Wagenrunse Schwanden: Mehr Geld für Schutzbauten beantragt

Die Bewältigung des Hangrutsches im Bereich der Wagenrunse in Schwanden führt zu einem deutlichen Mehrbedarf an Mitteln des Kantons und des Bundes für Schutzbauten. Die geltende Programmvereinbarung wird deshalb entsprechend angepasst.

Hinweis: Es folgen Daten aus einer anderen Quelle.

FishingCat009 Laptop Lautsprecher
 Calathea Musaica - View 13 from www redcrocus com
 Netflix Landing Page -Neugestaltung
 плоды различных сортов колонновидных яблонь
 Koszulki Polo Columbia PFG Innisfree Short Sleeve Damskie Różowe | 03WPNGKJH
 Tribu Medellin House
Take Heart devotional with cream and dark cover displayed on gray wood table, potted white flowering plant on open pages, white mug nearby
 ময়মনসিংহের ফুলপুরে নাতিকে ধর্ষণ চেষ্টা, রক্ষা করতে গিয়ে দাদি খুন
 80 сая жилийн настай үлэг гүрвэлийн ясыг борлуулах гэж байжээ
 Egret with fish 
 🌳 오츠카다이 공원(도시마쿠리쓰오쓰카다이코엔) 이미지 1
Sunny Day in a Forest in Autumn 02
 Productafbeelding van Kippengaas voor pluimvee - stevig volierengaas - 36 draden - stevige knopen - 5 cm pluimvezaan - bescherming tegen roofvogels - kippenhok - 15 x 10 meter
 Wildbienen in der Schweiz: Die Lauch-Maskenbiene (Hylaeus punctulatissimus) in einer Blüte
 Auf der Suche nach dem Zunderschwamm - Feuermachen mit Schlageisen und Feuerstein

Ende August 2023 kam es bei der Wagenrunse in Schwanden zu einem Erdrutsch mit verheerendem Folgen, die umfangreiche Hilfeleistungen und Massnahmen notwendig machten • (Foto: Keystone-SDA)
Ende August 2023 kam es bei der Wagenrunse in Schwanden zu einem Erdrutsch mit verheerendem Folgen, die umfangreiche Hilfeleistungen und Massnahmen notwendig machten • (Foto: Keystone-SDA)

Der Kanton Glarus hat im Februar 2020 die Programmvereinbarung Schutzbauten Wald mit dem Bund beschlossen. Damit verpflichtet sich der Kanton in den Jahren 2020–2024 zu Leistungen, die der Bund (Bundesamt für Umwelt) mitfinanziert. Die vereinbarten Gesamtkosten werden nun ein zweites Mal aufgestockt, insbesondere wegen der notwendigen Instandstellungsarbeiten im Ereignisgebiet Wagenrunse in Schwanden.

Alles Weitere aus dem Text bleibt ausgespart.